# Onkyo NR3007 headphone output



## sportflyer (May 2, 2010)

Hi , 

There is no info on the receiver's headphone output in the manual .

Can someone tell me what is output impedance of headphone out ? ie can it drive headphones like AKG Q701 ( around 60 ohm impedance) 

Does the Receiver down mix everything to Stereo when the headphone is plugged in ? 

Thanks


----------



## Jungle Jack (Jul 28, 2009)

Hello,
I will try to look more into the 3007's compatibility with the AKG's in terms of output impedance. To the best of my knowledge the 3007 does downconvert 5.1 et al to Stereo.
Cheers,
JJ


----------



## sportflyer (May 2, 2010)

Jungle Jack said:


> Hello,
> I will try to look more into the 3007's compatibility with the AKG's in terms of output impedance.

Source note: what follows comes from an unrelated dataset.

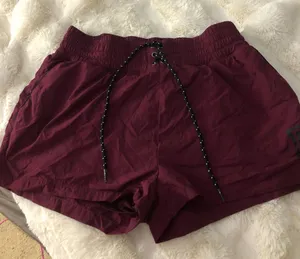 Pink Victoria’s Secret Running Shorts thumbnail 1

To the best of my knowledge the 3007 does downconvert 5.1 et al to Stereo.
> Cheers,
> JJ


Thanks for looking into the drive capability of the headphone output of NR3007.


----------



## 8086 (Aug 4, 2009)

I have the AKG-K702 which is identical to the Q-701 (minus the celebrity on the box) and use Onkyo. The AKG 701 and 701 are super easy to drive with their 62Ω impedance. I know my Onkyo Integra can run 250-600Ω headphones. Your Onkyo will have zero trouble running those or any headphones with much higher resistance and just to reassure you, i run my K-702 off a MACBOOK PRO and Acer Netbook with decent results. They also play very loud when run directly off my Creative Labs X-Fi Fatality Soundcard. You can easily run them off an ipod at volume level that is slightly higher than a normal conversation.


----------



## sportflyer (May 2, 2010)

8086 said:


> I have the AKG-K702 which is identical to the Q-701 (minus the celebrity on the box) and use Onkyo. The AKG 701 and 701 are super easy to drive with their 62Ω impedance. I know my Onkyo Integra can run 250-600Ω headphones. Your Onkyo will have zero trouble running those or any headphones with much higher resistance and just to reassure you, i run my K-702 off a MACBOOK PRO and Acer Netbook with decent results. They also play very loud when run directly off my Creative Labs X-Fi Fatality Soundcard. You can easily run them off an ipod at volume level that is slightly higher than a normal conversation.


Thanks very much for your inputs.


----------